The film's mesmerising soundtrack includes the Adagio in Mahler's 5th Symphony which was immortalised as a soundtrack in the 1971 movie "Death In Venice" by Luchino Visconti.
"I tried to find other classical pieces that could work, but this piece by Mahler was just ideal," Park said. "And I thought, is there a law that says only Visconti gets to use this piece? No there isn't, so I went ahead."
He added, laughing: "But I knew before coming to Cannes that I'd get asked about it here."
- 'Vengeance justified?' -
Park's Cannes entry comes nearly two decades after his "Oldboy" that won the festival's second-highest prize in 2004 and helped catapult South Korean cinema onto the global stage -- years before "Parasite" which won both the Palme d'Or and best foreign film at the Oscars.
"Parasite didn't come out of nowhere, and Oldboy in many ways set things in motion for what came later," Jason Bechervaise, a professor at Korea Soongsil Cyber University, told AFP.
Park's focus on revenge and forgiveness touched a nerve in post-9/11 America, Brian Hu, a film professor at San Diego State University, told AFP.
"Is vengeance justified? Is it effective?", he said.
Park has also dabbled in television with the BBC's English-language miniseries "The Little Drummer Girl", based on a 1983 spy novel by John le Carre.

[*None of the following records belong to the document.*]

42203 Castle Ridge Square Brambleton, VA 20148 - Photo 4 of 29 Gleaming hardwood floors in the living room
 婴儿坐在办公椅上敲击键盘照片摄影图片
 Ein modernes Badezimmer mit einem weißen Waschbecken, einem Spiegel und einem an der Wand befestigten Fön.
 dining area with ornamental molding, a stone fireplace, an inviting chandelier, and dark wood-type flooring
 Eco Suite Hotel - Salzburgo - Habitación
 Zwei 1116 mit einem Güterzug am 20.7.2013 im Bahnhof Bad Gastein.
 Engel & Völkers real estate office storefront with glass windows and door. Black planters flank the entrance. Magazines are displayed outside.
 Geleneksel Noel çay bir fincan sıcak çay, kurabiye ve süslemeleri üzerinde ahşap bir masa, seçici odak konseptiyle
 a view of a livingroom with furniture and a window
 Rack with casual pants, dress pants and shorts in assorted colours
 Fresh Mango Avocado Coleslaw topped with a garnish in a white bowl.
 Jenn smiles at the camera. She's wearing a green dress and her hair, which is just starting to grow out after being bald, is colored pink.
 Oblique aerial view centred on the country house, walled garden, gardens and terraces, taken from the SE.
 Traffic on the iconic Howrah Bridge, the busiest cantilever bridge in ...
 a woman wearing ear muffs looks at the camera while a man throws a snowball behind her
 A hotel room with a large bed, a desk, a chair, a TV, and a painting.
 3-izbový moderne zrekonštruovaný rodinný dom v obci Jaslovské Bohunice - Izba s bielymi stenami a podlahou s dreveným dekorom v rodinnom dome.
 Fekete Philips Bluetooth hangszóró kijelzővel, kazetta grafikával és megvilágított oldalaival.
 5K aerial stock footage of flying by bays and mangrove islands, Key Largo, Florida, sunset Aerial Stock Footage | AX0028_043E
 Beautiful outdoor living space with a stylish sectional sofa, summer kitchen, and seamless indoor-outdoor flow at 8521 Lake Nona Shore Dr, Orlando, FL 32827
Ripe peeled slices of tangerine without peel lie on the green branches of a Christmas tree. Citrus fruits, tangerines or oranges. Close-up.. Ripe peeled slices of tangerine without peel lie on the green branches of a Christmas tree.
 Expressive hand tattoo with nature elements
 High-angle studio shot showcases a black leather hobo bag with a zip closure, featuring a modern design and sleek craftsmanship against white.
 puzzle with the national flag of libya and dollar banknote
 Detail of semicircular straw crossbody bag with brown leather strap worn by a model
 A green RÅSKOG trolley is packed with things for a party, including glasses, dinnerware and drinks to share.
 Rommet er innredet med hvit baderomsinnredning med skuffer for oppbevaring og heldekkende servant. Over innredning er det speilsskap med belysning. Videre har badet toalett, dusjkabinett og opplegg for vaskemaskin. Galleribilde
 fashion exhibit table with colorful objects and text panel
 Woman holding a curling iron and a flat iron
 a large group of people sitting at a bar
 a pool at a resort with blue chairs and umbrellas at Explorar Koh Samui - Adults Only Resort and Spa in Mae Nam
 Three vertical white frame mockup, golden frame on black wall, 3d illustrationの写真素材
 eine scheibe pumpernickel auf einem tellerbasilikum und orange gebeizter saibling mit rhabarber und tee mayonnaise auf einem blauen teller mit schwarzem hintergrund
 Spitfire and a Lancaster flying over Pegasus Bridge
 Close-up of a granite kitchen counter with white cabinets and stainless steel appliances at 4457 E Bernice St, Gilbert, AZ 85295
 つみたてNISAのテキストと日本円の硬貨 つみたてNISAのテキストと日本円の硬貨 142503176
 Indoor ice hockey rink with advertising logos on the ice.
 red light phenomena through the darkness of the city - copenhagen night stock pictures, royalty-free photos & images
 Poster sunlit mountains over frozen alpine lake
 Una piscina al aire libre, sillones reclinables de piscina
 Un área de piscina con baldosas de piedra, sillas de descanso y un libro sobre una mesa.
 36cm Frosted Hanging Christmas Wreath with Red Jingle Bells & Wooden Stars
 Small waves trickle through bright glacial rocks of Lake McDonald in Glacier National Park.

South Korea is also the setting for another Palme d'Or entry this year, "Broker", directed by Japan's Hirokazu Kore-eda.
"Broker" looks at so-called baby boxes where mothers can anonymously abandon their newborns to avoid the stigma and hardship of being a single mother in a patriarchal society.
The film features a South Korean all-star cast, including top actors Song Kang-ho (Parasite), Gang Dong-won (Peninsula), and K-pop megastar Lee Ji-eun.
Kore-eda has defied long-standing tensions between Japan and South Korea to build strong relationships with top South Korean talent and visiting its Busan International Film Festival in 2019 during a trade war.
His film is one of 21 vying for the Palme d'Or, with the winner to be announced on Saturday.